-- Data to use follows --
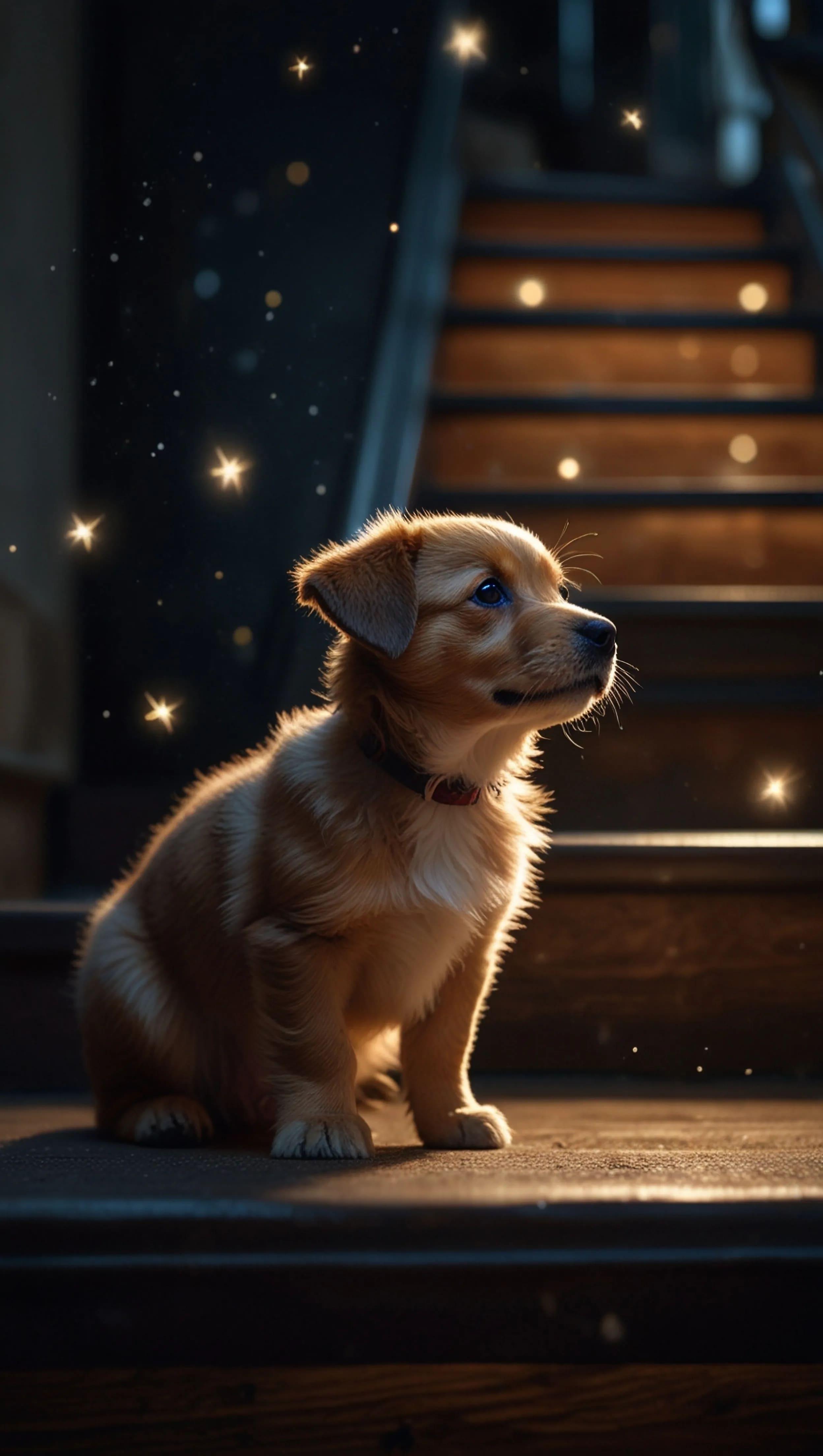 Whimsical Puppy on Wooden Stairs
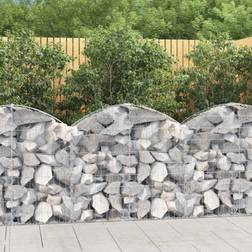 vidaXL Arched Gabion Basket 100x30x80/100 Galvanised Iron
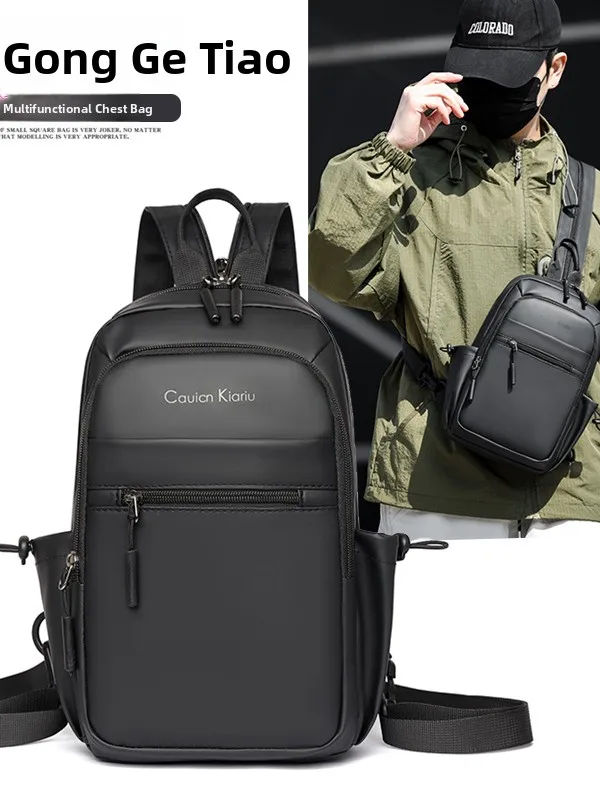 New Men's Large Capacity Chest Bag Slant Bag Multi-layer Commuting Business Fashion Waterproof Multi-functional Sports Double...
-- Data to use concluded --
-- Data to use follows --
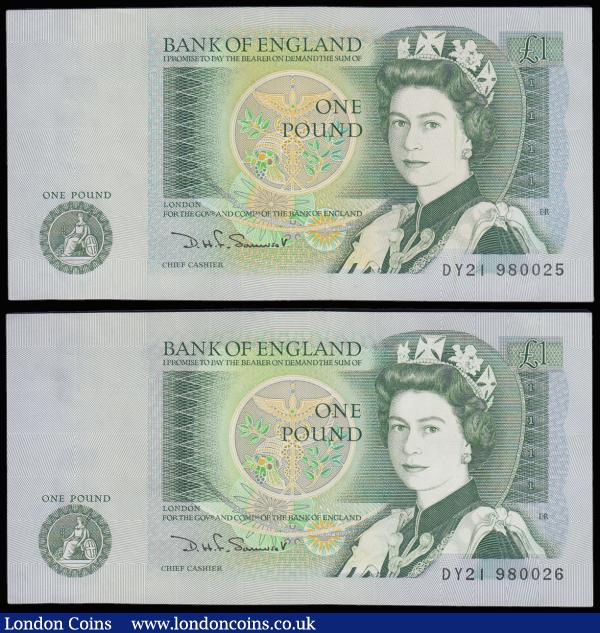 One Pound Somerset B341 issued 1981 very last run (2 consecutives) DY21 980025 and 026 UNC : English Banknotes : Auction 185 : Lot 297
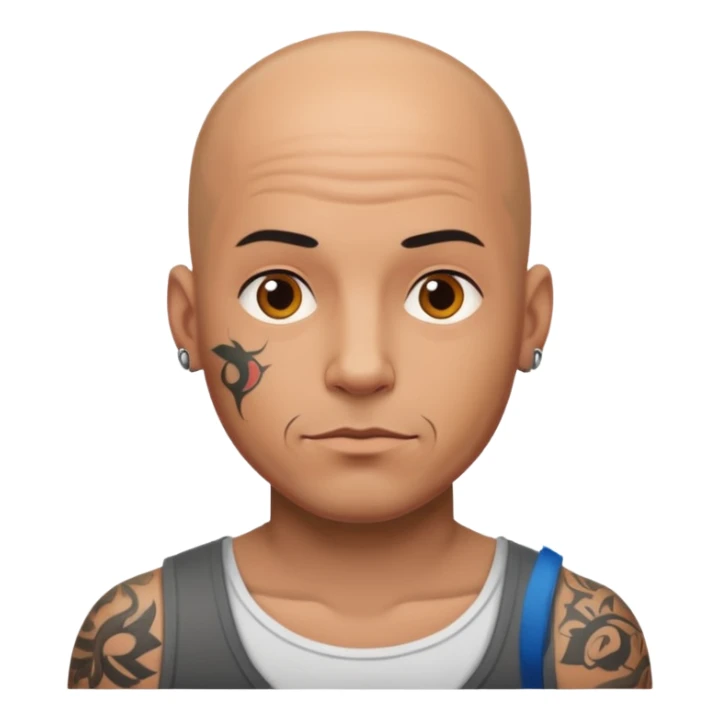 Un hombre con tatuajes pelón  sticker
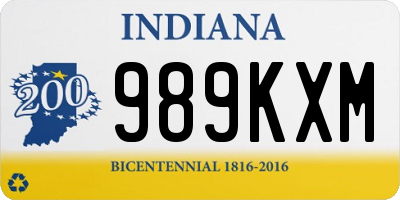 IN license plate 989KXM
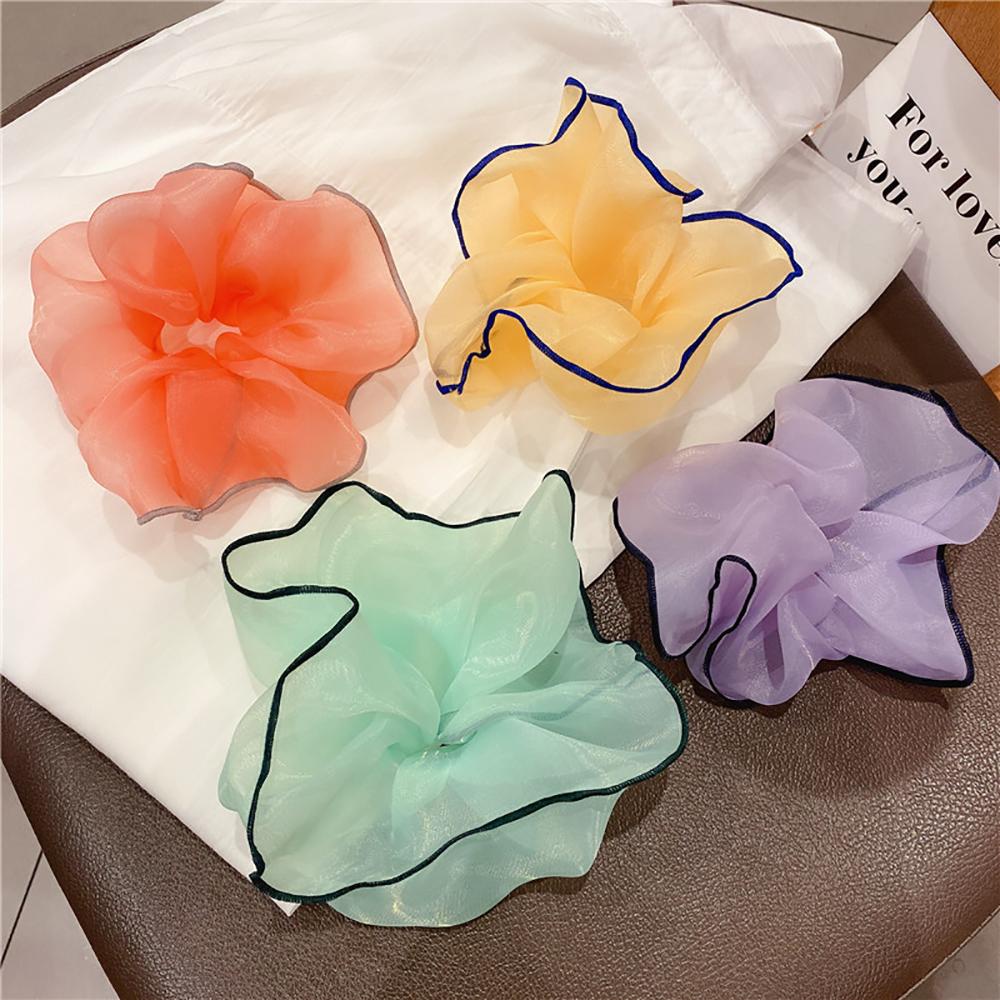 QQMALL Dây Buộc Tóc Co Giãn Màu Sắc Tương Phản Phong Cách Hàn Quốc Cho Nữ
-- Data to use concluded --
-- Data to use follows --
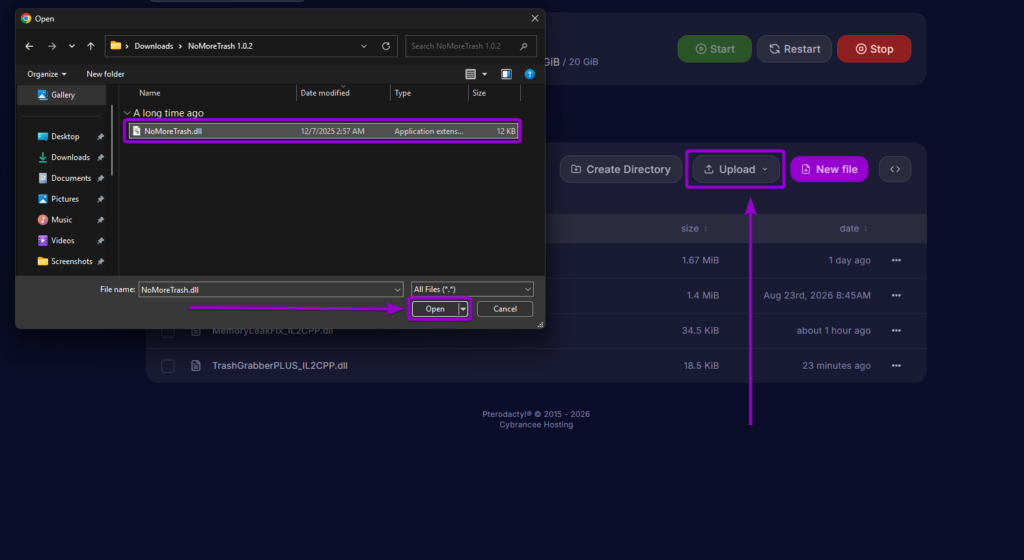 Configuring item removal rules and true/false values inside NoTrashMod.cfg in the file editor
-- Data to use concluded --
[Exercise]: Your answer should be the lines above, word for word, from the line with "One Pound Somerset" through the line with "QQMALL Dây Buộc", minus the pictures.

[Exercise response]:
 One Pound Somerset B341 issued 1981 very last run (2 consecutives) DY21 980025 and 026 UNC : English Banknotes : Auction 185 : Lot 297
 Un hombre con tatuajes pelón  sticker
 IN license plate 989KXM
 QQMALL Dây Buộc Tóc Co Giãn Màu Sắc Tương Phản Phong Cách Hàn Quốc Cho Nữ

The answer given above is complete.